CDC Issues New Opioid Management Guidelines This Week

The Centers for Disease Control and Prevention (CDC) issued national guidelines for Prescribing Opioids for Chronic Pain on March 15th in the MMWR1. This extensive document summarizes the state of the evidence on chronic pain management and the role and dangers of using opioid medications in its management. CDC provided 12 recommendations in three categories that includes:

  1. Determining when to initiate or continue opioids for chronic pain
  2. Opioid selection, dosage, duration follow up and discontinuation
  3. Assessing risk and addressing harms of opioid us

SUMMARY OF RECOMMENDATIONS

  1. Non pharmacologic therapy and non-opioid therapy are preferred for chronic pain
  2. Treatment goals should be established before starting opioids
  3. Discussion before and periodically during opioid therapy should occur on known risks and realistic benefits
  4. When starting opioid therapy, start with immediate release formulations rather than extended/ long acting opioids
  5. Use the lowest effective dose. Caution should be used at any dose, and risks and benefits assessed when using > 50 morphine equivalents. Avoid using doses > 90 morphine equivalents or be clear in justification for escalating doses about 90 MED
  6. For acute pain, prescribe no more than 3 – 7 days of opioid analgesia. More is rarely needed
  7. Evaluate benefit within 1-4 weeks of starting, then every 3 months. If benefits not achieved, taper doses rather than escalating.
  8. Assess potential harms of opioid use and offer naloxone when there are increased risk factors for opioid overdose such as history of overdose, history of substance use disorder, higher opioid dose > 50 MED or concurrent use of benzodiazepines
  9. Review that state Prescription Drug Monitoring Program database at start of therapy and periodically, at least every six months, to determine if patient is receiving opioid drugs and dosages (and combinations) that put the patient at risk for overdose.
  10. Use urine drug testing before starting opioid therapy and at least annually during chronic therapy to assess for prescribed and illicit durgs.
  11. Avoid concurrent use of opioid medications with benzodiazepines
  12. If the patient has been diagnosed with opioid use disorder, offer the patient medication assisted treatment (MAT) with buprenorphine or methadone in combination with behavioral therapies.

LESSONS FOR YOUR PRACTICE

These new guidelines emphasize many of the strategies promoted by Partnership HealthPlan including use of short acting, monitoring with urine screens and review of CURES, referrals for MAT when appropriate. New in these guidelines is the tightening of excessive dose limits to 90 MED with under 50 MED preferred. Previous guidelines have set this bar at 120-200 MED. CDC notes that even at lower dose ceilings, there is substantial risk for overdose. For instance, the risk of overdose at 50 MED is 2x the risk at 20 MED.

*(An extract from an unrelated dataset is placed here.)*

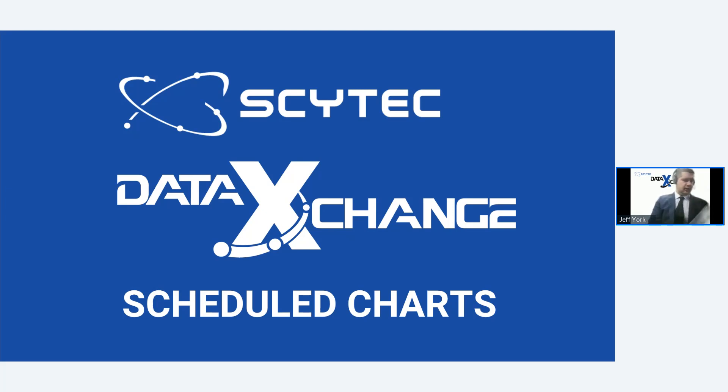So we're going to go ahead and get started. Hello, and thank you all for joining SciTech here today to learn about how you can improve your shop floor processes with scheduled charts.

  1. http://www.cdc.gov/drugoverdose/prescribing/guideline.html

 

One thought on “CDC Issues New Opioid Management Guidelines This Week

  1. I do not deny the risks of prescribed opiates. I openly admit that for many years I was part of the problem and to some degree I still am in that I still have a few patients on high doses. I am quite concerned, however, about the switch to NSAIDs. In recent months I am seeing an increased frequency of patients with NSAID induced GI bleed as well as new and worsening renal insufficiency (CKD). I have also seen a number of patients with known CKD, many of whom are taking ACE-Is, prescribed NSAIDs upon leaving ER or hospital or consultants’ offices. My sample is small enough that this all could be coincidence. I haven’t kept specific records so I’m not able to analyze my observations. However, I am very concerned that we are trading one method of harming patients for another.

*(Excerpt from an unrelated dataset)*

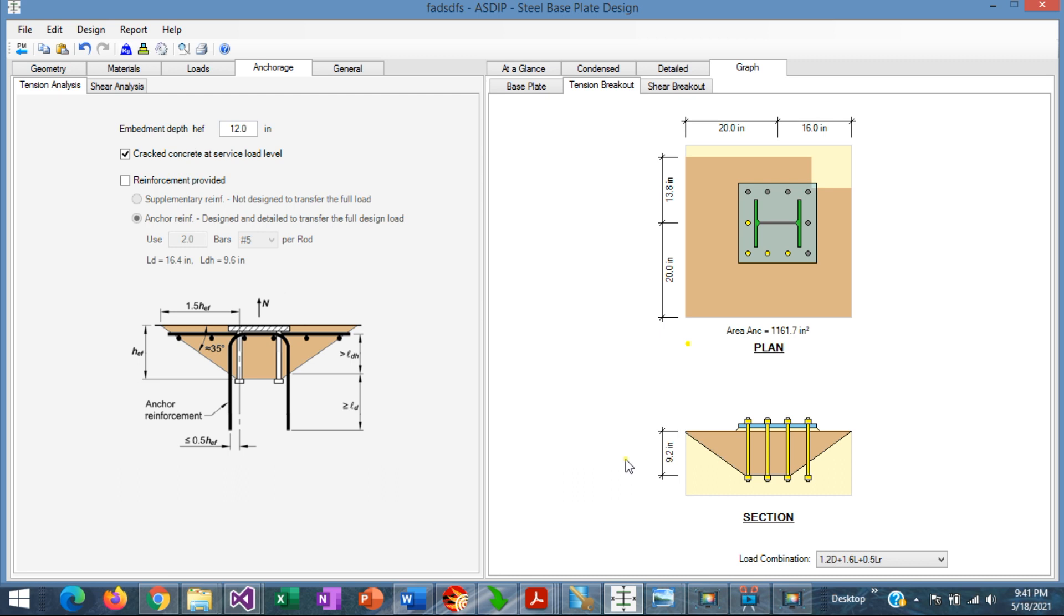With this we conclude the presentation of the calculation of the tension concrete breakout area in anchor rods. Please subscribe to the channel if you want to receive notifications for similar videos. Thank you for your attention.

    For years I have been telling my patients that I wish someone would invent just one pain medicine that is safe and effective. We have had, and continue to have, nothing to offer our patients. The adjunctive medications help some people and are well tolerated by a few. They generally seem to be safer than acetaminophen or NSAIDs or opiates, but they are far from benign.

    Non-pharmacologic therapies certainly are at least as effect as — and way safer that — any drug in that small cohort who can access them and will follow through with them. My patients who live in the city have reasonable concern about getting mugged if they try to exercise outdoors. Those who live in the country have reasonable concern about getting run over on shoulder-less roads if they try to exercise outdoors. If they can access mental health services those are limited to brief visits with psychiatrists who are afforded no time for counseling. LCSWs, MFTs, and psychologists are effectively non-existent for my patients who qualify for Medi-Cal/Partnernship.

    I have long known that the pain management care that I have offered (pills) is inadequate and largely inappropriate. I’m still waiting to be able to offer more even though I know better know what that should look like.